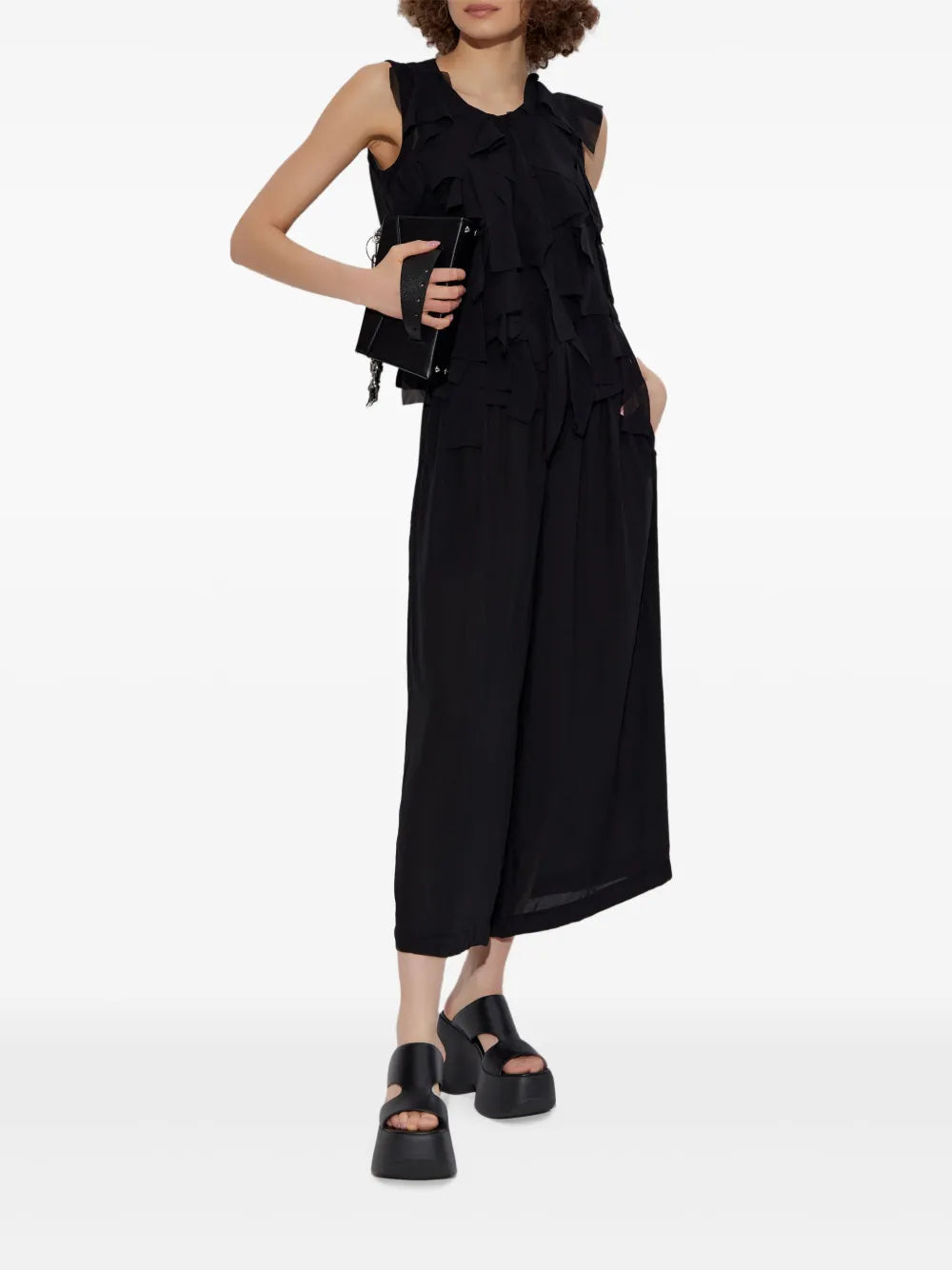 Panelled Top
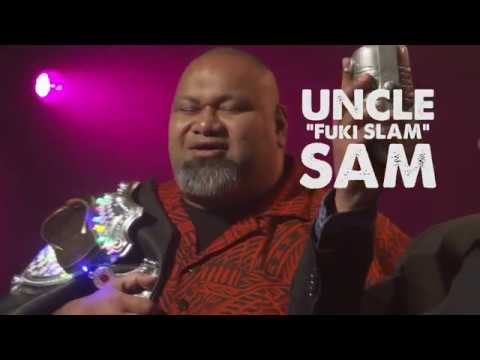 Rumble in the Jandal - Uncle Sam vs Semisi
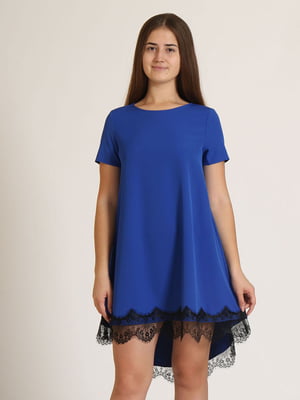 Сукня синя | 5810935
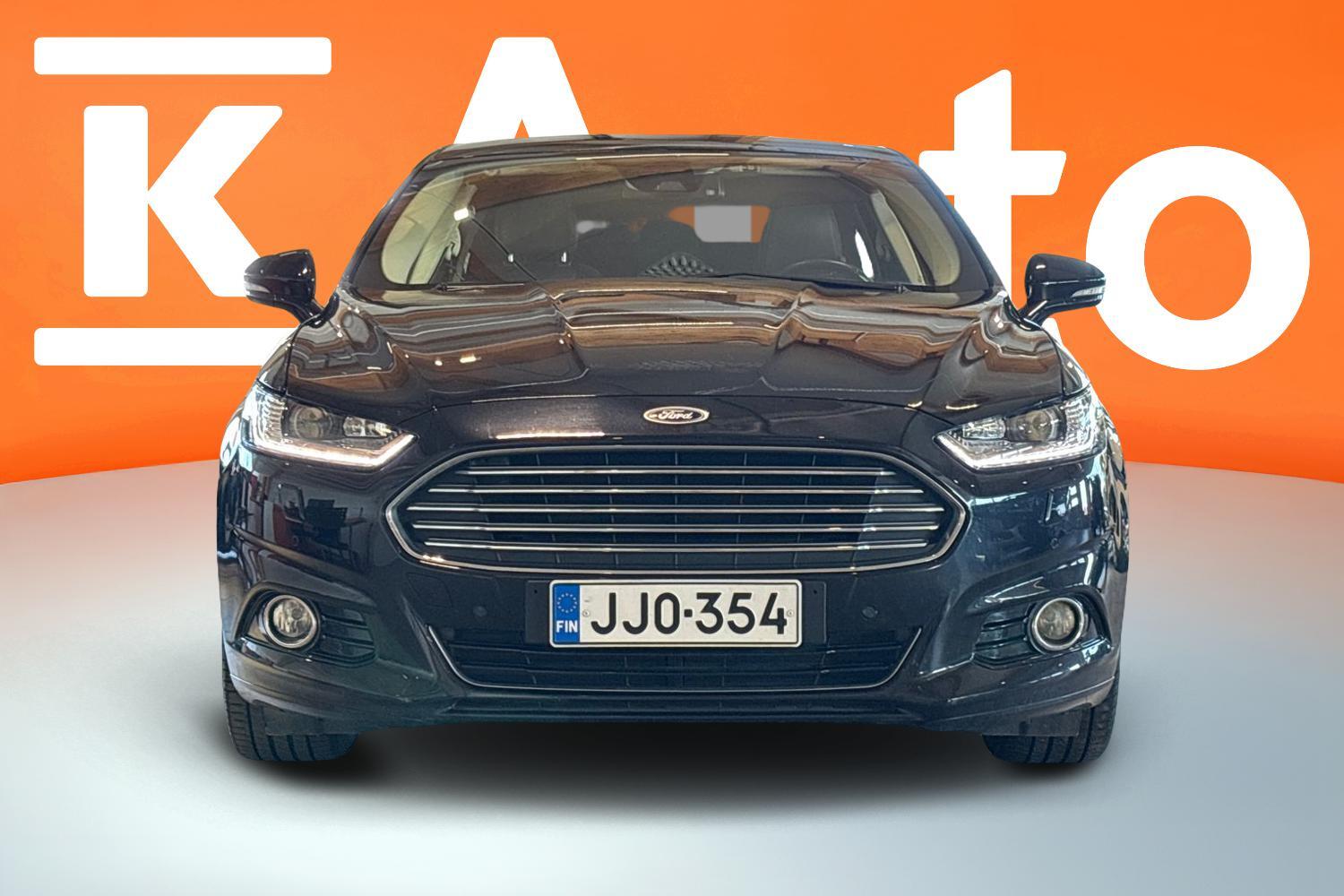 Ford Mondeo vaihtoauto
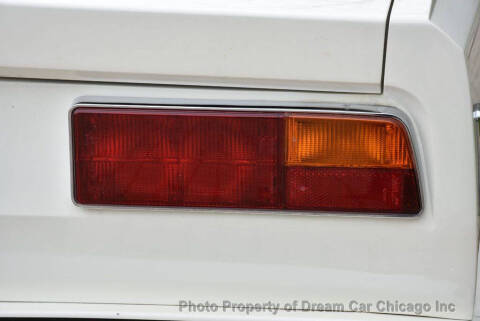 1984 Rolls-Royce Camargue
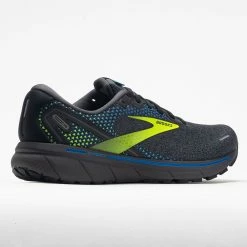 Running Shoes Brooks Ghost 14 Men's Black/Blue/Nightlife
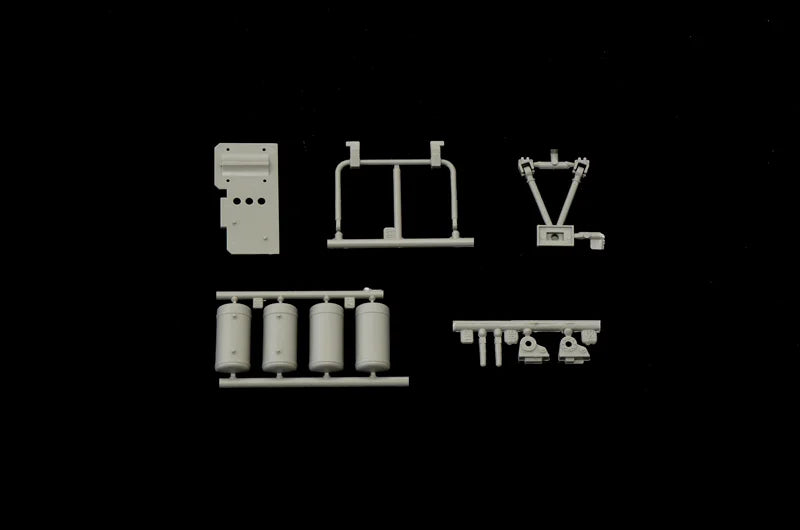 Italeri 1:24 MAN F8 19.321 4x2 3946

----

**ACTION ITEM:**
The data above should be repeated exactly, minus any pictures.

**RESPONSE AREA:**
 Panelled Top
 Rumble in the Jandal - Uncle Sam vs Semisi
 Сукня синя | 5810935
 Ford Mondeo vaihtoauto
 1984 Rolls-Royce Camargue
 Running Shoes Brooks Ghost 14 Men's Black/Blue/Nightlife
 Italeri 1:24 MAN F8 19.321 4x2 3946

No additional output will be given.